[PATCH 3/3] cpufreq: Add a generic cpufreq-cpu0 driver

Mark Brown broonie at opensource.wolfsonmicro.com
Tue Jul 31 04:53:45 EST 2012


On Mon, Jul 30, 2012 at 02:52:20PM +0800, Shawn Guo wrote:
> On Thu, Jul 26, 2012 at 02:11:21PM +0100, Mark Brown wrote:

> > This should make it clear that the transition latency being documented
> > here is just that for the core clock change itself, there may be other
> > sources of latency like the regulator ramp time or reprogramming PLLs.

> I intended to make it be the total latency from whatever sources that
> should be counted on particular system.  Rather than adding complexity
> for the driver to figure out these latencies from every single source,
> I would expect that people know the possible maximum latency in total
> for their systems and specify it in device tree.

Quite honestly this seems totally unrealistic for the majority of users,
especially given the very poor documentation for this stuff which SoC
vendors typically provide.  It's a reasonable amount of work to go back
and figure this stuff out (especially given that it should be varying
depending on the transition in question), and it's going to give us a
bunch of magic numbers in people's bindings.

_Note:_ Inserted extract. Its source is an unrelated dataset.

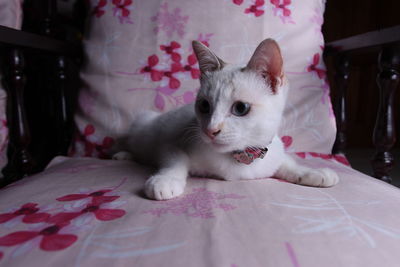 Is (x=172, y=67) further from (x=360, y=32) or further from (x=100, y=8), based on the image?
(x=360, y=32)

> > > +	if (cpu_reg && freqs.new > freqs.old) {
> > > +		if (regulator_set_voltage(cpu_reg, volt - tol, volt + tol)) {

> > This is a totally sane and sensible use case for specifying a voltage
> > range, we should move it into the regulator core for other users so you
> > can just specify the voltage and the tolerance directly.

> Are you asking for a change on regulator_set_voltage API?  While I agree
> with your comment, it's not a thing we need to necessarily do in this
> series.  The change on the API requires a touch on all the existing
> users.  I do not think it's nice to carry such a patch in this series.

No, add a new API.

> > It is a little sad here as it means that we loose the ability to do
> > frequency only scaling if there's no regulator which is nice.

> I do not understand it.  The regulator is optional for the driver, and
> we can still scale frequency even if there is no regulator.

As soon as a regulator is available your code will insist that we're
able to set the voltage specified to set the frequency, and since it's
using tolerances not ranges to whatever the chip maximum is that'll mean
it'll stop doing frequency scaling at all.